Il budget del governo di Saleh è sproporzionatamente dipendente dalle entrate legate all'export di greggio, mentre gli investimenti negli atri settori dell'economia rimangono insufficienti per garantire la sostenibilità del sistema paese. Sotto questo profilo, è da notare che i 5 miliardi di dollari in aiuti allo sviluppo promessi dai donatori internazionali nel 2006 sono stati erogati in minima parte. Allo stesso modo, gli sforzi diplomatici per indurre Saleh a dar vita a un processo di riforma inclusivo e trasparente del sistema politico nazionale si sono rivelati inconsistenti. In queste condizioni la temperatura dei conflitti interni è destinata ad alzarsi ancora.

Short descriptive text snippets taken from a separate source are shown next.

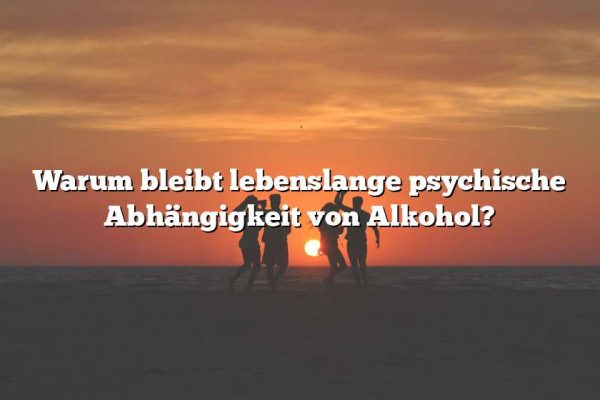 Warum bleibt lebenslange psychische Abhängigkeit von Alkohol?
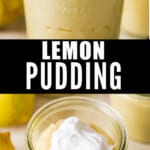 lemon pudding in individual serving jars with text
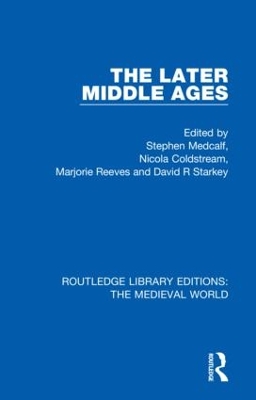 The Later Middle Ages by Stephen Medcalf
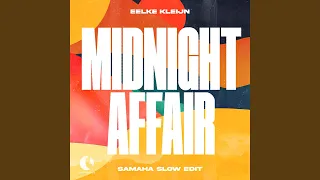 Midnight Affair (Samaha Slow Extended Edit)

L'humus ideale perché lo jihadismo possa crescere e alimentarsi,

E' necessario fare di più, ma con una controindicazione. Una mediazione diretta occidentale sarebbe inopportuna e controproducente: un ruolo centrale nel comporre le fratture tra governo centrale e gruppi ribelli deve spettare agli stati arabi, certamente con un fattivo e discreto sostegno degli alleati americani ed europei. Il dramma attuale dello Yemen, con le sue ricadute in termini di insicurezza e instabilità, rappresenta una cupa anticipazione di quanto potrebbe accadere ai suoi vicini della Penisola araba. Motivo per cui i paesi del Ccg hanno tutto l'interesse a promuovere fattivamente la normalizzazione dello Yemen, mediante un approccio strategico che consideri parte del problema anche la regione del Corno d'Africa. Urge la costituzione di un gruppo di contatto internazionale che si incarichi al più presto di identificare e analizzare le sfide emergenti non solo nello Yemen, ma anche in Somalia e sul Golfo di Aden.